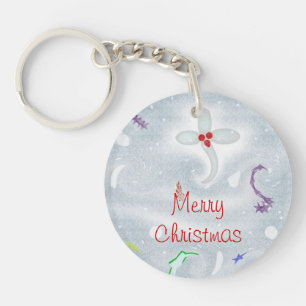 Cute Merry Christmas Decorations Key Ring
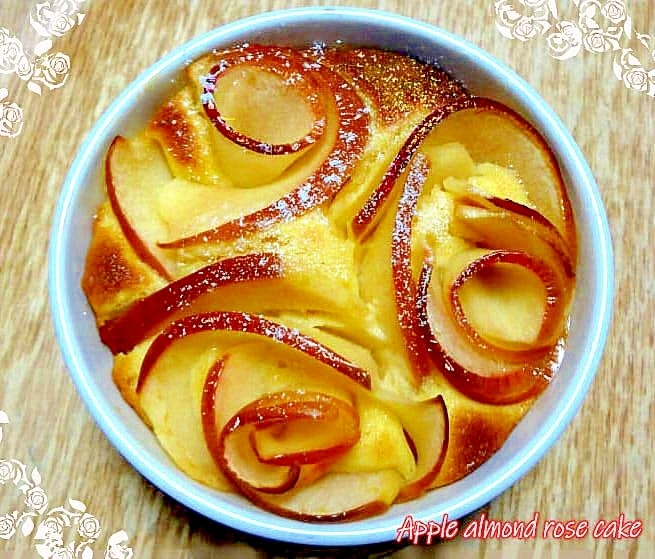 母の日スイーツ☆林檎の薔薇ケーキ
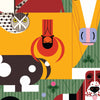 Best Friends Poster Panel Poplin - Digital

→ **WORK INSTRUCTIONS**
For the material above, repeat each line exactly and leave out the pictures.

→ **TASK OUTPUT**
 Cute Merry Christmas Decorations Key Ring
 母の日スイーツ☆林檎の薔薇ケーキ
 Best Friends Poster Panel Poplin - Digital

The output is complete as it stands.